Share your dilemmas and get honest opinions from other Mumsnetters.

Is she spoilt or am I shit mum?

637 replies

ojss21 · 21/08/2021 09:37

I've NC for this but I'm a regular poster.

My teen dd(15) has started to be quite challenging recently, and I we usually have quite a good relationship, but I've been a single mum to her for most of her life and up until 5 months ago she was an only child, so I tend to be lenient with her at times and struggle to determine whether her behaviour is spoilt or if I'm a shit mum (if that makes sense).

Here's some examples of her recent gripes / reasons for being annoyed with me :

  1. I "only" gave her £100 cash for her 15th birthday plus a few cheaper things to open like chocolates. The main present was the cash and I've always done this for the past few years given her age as it's easier for her to choose her own stuff, I find. She complained for two reasons- firstly, it's not as much as I spent on her 5 month old sister's new car seat which cost £250 (clearly the baby needed that and it's not really comparable), and secondly because she wanted more things to open on the day (despite £100 cash being her main present and also a stretch for me anyway at the moment with being on maternity leave).
  1. We are going away for a few nights this weekend (in the U.K.) and we were originally due to come back on Tuesday. We have extended to Wednesday as we plan to make a detour on the drive back to stay overnight with my sister who is going through a really shitty and scary time at the moment (don't want to go into details but it's health related and potentially very serious). My DD's response at this unexpected detour to her aunty's was "great, that ruins my plans to see my friends on that day as I thought we were coming back the night before. Wish I'd never agreed to come with you now". And off she stropped to her bedroom. This is an aunty who she is very close to, by the way, and is aware of her health complications currently. Dd has also had several days out and sleepovers with her friends this summer hols and I admit it slipped my mind she had planned this outing with them when I arranged to stay away from home an extra night with my sister.

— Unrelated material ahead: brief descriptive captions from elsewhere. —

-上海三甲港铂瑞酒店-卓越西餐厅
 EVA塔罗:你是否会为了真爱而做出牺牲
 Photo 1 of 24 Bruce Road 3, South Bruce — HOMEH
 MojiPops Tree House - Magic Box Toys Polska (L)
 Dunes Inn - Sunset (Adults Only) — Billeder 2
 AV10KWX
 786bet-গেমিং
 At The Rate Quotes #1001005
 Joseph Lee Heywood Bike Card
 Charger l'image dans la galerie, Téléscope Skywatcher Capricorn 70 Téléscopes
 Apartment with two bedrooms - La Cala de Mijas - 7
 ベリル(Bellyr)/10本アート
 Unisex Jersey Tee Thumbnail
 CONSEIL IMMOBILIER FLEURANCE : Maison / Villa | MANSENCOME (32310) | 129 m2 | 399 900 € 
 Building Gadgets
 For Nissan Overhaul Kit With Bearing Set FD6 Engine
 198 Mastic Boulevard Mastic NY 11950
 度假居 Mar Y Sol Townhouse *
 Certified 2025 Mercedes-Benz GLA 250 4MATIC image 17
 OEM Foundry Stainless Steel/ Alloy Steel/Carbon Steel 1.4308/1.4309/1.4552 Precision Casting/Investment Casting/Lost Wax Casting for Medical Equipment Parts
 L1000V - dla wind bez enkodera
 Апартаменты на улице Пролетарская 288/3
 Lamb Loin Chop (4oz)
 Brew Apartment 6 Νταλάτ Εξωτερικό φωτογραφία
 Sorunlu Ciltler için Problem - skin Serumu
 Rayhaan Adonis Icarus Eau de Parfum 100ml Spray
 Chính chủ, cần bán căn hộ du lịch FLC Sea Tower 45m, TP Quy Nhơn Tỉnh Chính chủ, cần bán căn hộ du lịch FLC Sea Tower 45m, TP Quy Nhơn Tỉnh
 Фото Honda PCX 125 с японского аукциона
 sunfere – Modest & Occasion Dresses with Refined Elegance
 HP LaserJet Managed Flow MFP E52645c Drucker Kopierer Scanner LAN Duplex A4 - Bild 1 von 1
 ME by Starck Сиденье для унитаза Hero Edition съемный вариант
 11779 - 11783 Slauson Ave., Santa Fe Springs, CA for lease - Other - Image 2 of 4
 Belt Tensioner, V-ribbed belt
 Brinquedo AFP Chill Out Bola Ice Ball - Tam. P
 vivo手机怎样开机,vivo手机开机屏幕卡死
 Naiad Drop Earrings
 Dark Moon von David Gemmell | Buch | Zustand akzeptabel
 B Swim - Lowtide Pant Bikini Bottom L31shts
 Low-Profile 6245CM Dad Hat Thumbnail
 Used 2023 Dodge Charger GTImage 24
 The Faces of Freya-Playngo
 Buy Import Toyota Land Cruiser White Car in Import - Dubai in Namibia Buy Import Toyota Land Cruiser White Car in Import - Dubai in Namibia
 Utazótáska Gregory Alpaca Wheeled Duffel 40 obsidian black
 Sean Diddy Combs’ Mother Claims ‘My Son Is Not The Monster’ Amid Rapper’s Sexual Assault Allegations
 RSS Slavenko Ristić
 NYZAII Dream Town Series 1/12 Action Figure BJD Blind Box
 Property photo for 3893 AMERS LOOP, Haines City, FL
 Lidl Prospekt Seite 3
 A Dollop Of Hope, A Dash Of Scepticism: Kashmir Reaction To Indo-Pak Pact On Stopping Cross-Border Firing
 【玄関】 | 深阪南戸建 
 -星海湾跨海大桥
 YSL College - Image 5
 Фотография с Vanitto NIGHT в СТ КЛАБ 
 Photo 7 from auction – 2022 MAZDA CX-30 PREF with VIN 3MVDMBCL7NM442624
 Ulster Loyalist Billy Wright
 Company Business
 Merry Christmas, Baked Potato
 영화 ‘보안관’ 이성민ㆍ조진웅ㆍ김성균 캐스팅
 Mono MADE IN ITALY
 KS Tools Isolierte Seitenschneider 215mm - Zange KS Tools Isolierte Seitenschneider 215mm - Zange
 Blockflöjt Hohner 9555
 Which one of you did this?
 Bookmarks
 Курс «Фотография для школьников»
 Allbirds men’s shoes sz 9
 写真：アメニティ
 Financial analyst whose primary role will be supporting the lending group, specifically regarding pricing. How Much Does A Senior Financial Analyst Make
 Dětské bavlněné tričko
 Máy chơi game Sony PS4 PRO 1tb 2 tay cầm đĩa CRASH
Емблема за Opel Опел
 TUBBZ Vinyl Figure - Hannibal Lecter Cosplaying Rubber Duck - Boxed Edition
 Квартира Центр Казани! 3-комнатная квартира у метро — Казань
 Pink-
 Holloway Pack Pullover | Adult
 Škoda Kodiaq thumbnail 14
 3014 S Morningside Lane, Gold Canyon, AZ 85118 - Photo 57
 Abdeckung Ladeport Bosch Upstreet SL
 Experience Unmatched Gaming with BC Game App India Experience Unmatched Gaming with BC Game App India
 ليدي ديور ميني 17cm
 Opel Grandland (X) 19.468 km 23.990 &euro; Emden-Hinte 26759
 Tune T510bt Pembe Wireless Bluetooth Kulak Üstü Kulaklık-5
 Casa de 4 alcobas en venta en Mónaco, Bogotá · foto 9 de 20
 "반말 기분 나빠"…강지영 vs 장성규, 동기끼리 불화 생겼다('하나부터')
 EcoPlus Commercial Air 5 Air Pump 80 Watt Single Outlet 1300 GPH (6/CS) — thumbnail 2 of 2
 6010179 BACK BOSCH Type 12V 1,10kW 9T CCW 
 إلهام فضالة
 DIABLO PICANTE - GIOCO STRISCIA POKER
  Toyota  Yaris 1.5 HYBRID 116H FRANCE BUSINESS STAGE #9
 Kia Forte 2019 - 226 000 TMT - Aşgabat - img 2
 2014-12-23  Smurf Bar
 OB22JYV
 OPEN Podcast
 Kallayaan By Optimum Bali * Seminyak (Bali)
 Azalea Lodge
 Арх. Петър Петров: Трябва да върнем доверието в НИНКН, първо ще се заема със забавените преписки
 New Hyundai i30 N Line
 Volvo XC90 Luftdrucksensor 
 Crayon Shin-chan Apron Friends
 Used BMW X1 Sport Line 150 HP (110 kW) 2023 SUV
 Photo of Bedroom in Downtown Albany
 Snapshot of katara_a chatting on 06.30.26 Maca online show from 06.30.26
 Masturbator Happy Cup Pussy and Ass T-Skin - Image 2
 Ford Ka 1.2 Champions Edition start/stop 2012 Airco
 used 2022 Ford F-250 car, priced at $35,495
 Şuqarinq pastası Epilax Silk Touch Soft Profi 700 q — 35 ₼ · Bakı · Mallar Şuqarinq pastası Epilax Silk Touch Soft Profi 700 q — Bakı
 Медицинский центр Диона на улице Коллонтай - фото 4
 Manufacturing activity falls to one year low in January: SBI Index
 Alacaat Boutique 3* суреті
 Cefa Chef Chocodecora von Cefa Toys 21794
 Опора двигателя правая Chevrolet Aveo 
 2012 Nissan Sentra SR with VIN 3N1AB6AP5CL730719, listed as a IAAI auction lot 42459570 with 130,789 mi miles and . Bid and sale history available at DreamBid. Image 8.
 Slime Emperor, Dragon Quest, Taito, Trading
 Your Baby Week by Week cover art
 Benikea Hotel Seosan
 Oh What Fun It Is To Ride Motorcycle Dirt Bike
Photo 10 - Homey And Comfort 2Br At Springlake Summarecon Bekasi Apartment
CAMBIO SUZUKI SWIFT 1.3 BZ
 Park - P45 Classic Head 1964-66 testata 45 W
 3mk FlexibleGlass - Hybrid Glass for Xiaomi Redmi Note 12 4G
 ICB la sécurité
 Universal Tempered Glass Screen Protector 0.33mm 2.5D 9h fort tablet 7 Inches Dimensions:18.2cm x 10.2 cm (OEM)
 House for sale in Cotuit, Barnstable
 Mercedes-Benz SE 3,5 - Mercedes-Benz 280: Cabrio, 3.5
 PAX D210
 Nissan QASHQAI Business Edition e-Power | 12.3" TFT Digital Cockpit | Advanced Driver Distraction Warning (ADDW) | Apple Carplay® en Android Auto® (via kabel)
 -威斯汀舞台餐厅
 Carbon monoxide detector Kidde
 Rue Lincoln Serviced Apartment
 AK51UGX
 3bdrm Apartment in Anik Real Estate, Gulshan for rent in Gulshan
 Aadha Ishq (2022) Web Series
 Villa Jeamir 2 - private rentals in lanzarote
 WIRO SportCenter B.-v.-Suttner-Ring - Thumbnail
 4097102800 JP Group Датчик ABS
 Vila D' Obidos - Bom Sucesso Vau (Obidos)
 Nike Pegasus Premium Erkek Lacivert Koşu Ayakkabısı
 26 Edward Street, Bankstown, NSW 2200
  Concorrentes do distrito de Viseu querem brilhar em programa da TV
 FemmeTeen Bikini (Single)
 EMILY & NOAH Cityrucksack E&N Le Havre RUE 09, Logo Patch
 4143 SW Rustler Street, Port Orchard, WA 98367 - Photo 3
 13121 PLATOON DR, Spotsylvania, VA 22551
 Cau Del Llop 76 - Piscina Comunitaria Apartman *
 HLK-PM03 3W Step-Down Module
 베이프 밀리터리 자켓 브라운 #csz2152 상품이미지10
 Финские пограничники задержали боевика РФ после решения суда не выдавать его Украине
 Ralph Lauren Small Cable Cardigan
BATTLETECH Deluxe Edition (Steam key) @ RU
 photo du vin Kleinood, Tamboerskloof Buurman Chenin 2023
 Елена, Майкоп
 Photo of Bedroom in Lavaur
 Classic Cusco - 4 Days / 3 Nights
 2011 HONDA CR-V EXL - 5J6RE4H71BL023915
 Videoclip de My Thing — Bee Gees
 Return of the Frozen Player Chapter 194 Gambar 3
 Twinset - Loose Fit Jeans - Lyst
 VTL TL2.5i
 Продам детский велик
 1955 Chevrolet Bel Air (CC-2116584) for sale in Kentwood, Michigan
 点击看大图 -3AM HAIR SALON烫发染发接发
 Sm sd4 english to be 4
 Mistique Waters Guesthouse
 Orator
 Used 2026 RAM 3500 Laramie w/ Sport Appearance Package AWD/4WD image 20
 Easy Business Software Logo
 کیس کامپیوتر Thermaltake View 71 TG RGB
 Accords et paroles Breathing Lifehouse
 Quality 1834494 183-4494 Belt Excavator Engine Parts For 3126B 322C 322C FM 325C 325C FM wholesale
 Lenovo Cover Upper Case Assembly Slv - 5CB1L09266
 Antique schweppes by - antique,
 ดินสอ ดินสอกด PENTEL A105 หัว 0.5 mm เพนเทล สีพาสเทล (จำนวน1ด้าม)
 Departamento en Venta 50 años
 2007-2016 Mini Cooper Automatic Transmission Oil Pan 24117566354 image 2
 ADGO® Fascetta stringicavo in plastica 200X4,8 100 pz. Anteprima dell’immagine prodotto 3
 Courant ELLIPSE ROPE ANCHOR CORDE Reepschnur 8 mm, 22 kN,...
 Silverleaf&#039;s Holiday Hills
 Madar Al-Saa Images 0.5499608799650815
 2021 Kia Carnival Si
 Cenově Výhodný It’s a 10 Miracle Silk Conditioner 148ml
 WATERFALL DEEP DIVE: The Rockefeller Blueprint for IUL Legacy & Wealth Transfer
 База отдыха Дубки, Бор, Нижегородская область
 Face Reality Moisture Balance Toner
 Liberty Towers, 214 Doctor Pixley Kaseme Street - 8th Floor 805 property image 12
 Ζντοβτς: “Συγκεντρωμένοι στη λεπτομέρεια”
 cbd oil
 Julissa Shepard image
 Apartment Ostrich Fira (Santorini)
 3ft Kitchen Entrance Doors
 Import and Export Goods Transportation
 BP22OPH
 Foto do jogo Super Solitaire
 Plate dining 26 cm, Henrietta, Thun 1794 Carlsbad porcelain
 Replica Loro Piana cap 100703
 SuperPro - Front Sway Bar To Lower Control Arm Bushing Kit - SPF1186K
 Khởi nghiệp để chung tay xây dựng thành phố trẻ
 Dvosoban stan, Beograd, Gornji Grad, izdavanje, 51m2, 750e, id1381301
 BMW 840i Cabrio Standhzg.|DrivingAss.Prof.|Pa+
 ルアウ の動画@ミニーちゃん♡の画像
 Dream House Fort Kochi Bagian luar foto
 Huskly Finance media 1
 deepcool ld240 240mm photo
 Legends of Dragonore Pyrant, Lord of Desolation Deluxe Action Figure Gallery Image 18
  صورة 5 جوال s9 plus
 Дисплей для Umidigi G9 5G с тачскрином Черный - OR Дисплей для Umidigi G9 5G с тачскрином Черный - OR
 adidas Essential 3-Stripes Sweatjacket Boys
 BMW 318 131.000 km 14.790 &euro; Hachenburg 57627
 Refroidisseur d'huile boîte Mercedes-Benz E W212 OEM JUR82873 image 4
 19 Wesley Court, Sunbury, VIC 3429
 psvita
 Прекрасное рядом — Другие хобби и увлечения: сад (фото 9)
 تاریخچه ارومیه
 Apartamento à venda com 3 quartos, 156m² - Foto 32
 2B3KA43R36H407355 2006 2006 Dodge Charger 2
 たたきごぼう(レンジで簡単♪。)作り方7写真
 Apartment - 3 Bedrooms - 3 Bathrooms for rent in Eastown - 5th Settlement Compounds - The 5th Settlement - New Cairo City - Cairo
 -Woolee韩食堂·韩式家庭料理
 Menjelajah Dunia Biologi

So.... is my DD spoilt, or am I a bad mum for "only" giving her £100 for her birthday and for inadvertently ruining her day out with her mates? This is a genuine question, by the way. I struggle to gain perspective with her sometimes and she makes me feel guilty for my decisions. It's been harder since the baby was born as I feel I'm ploughing so much time and energy into the little one that I'm almost neglecting the eldest, so I do need some outside perspectives!

Thank you.

OP posts:
SmidgenofaPigeon · 21/08/2021 10:26

*i’d not of

vivainsomnia · 21/08/2021 10:26

The money thing, yes definitely bad and spoilt.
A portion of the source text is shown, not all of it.